WASHINGTON (AP) — A federal judge ordered U.S. officials to appear at an emergency hearing Wednesday to answer questions about the apparent deportation of immigrants to South Sudan and other countries. Shortly before the hearing began, the Trump administration confirmed that it had deported eight people who had said they had been convicted of a crime in the United States, but the government refused to say what their final destination was.
Check out the DHS press conference with the players above.
The Department of Homeland Security said the home state of immigrants cannot receive them. I didn't explain in detail.
President Donald Trump and Homeland Security Secretary Christie Noem “work every day to drive these vicious criminals out of the streets of America. While activist judges are on the other side, they fight to get them back to American soil.” She showed a photo of reporters' reporters in Decorties, describing them as being “tried to protect them.”
Immigration rights lawyers said they violated a court order to send people to countries outside their homelands without arguing that deportation could initially put removal at risk.
Read more: What is the habeas corpus and what did the Trump administration say about suspending it?
Murphy ruled Tuesday that the Trump administration must “hold custody and control of those currently being taken away by South Sudan or other third countries.” The immigration lawyer said the Republican administration appears to have begun deporting people from Myanmar and Vietnam to South Sudan, despite court orders restricting removals to other countries.
The judge said he left the details to the government's discretion but expected immigrants to be “humanized.”
The immigration lawyer told the judge that immigration authorities may have sent dozens of people from several countries to Africa. The lawyer says he is violating a court order that people have a “meaning opportunity” that argues that sending people out to countries outside their homes would pose a threat to their safety.
Watch: NOEM fumbles definition of habeas corpus
The apparent removal of one man from Myanmar was confirmed in an email from a Texas immigration officer, according to court documents. He is notified in English only, he is a language he doesn't speak well, and his lawyers learned the plan hours before his deportation flight, they said.
The woman also reported that her husband and up to 10 other people from Vietnam jumped into Africa on Tuesday morning, a lawyer for the National Immigration Litigation Alliance wrote.
The lawyers sought an emergency court order from Murphy to prevent deportation.
Murphy, who was appointed Democrat President Joe Biden, previously found that plans to expel people to Libya without notice “explicitly” violated his ruling.
Read more: Senate Republicans block democratic push for transparency against Trump's deportation into El Salvador
Murphy summoned US officials Wednesday to identify affected immigrants, identify when and how they learned to be moved to a third country, and the opportunities they were given to raise fear-based claims. He also determined that the government must provide information on where the migrants are.
The Department of Homeland Security and the White House did not immediately return a message seeking comment.
Major General James Monday Enoka, a South Sudan police spokesman, told the Associated Press on Wednesday that migrants have not arrived in the country and if they are likely, they will be investigated and once again “recharge their right country” if it turns out to be non-South Sudanese.

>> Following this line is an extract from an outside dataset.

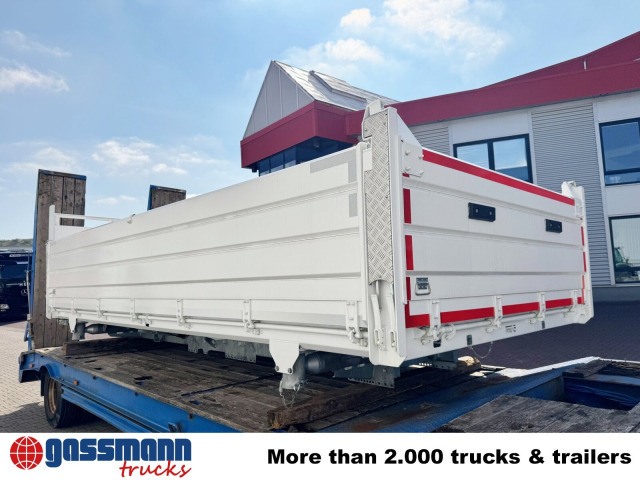 PAVIC 3-Seiten-Kippaufbau - Кузов для самосвала: фото 5 PAVIC 3-Seiten-Kippaufbau - Кузов для самосвала: фото 5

Some countries do not accept deportation from the United States. This led the administration to attack agreements with other countries, including Panama. The United States sent Venezuelans to the infamous prisons in El Salvador under 18th century wartime laws, filing a lawsuit contested in court.
South Sudan has endured a wave of repeated violence since gaining independence from Sudan in 2011. They hope that they can use their large oil reserves to bring prosperity to areas that have long been abused by poverty. Just a few weeks ago, the country's top UN official warned that the battle between the troops loyal to the president and vice president had threatened to threaten the Spiral again into a full-scale civil war.
The situation “darkly reminiscent of the conflicts of 2013 and 2016, claiming that Nicholas Heysom, head of the UN peacekeeping mission of almost 20,000 people, claimed more than 400,000 lives.”
The State Department's annual report on South Sudan, released in April 2024, states that “critical human rights issues” include arbitrary murder, loss, torture or inhumane treatment by security forces, and widespread violence based on gender and sexual identity.
The Department of Homeland Security grants a small number of South Sudanese people who already live in the United States a temporary protected status and protects them from deportation as conditions were deemed unsafe for return. Secretary Christy Noem recently expanded these protections in November to allow for a more thorough review.
South Sudan's diplomatic relations with the US were strained in April when deportation proceedings led to visa cancellations and bans on South Sudanian citizens.
According to the US Embassy in South Sudan, the US is one of the largest donors to South Sudan's humanitarian programs, with total funding exceeding $640 million in 2024.
Associated Press authors Tim Sullivan of Minneapolis, Elliot Spagut of San Diego and Rebecca Santana contributed to the report.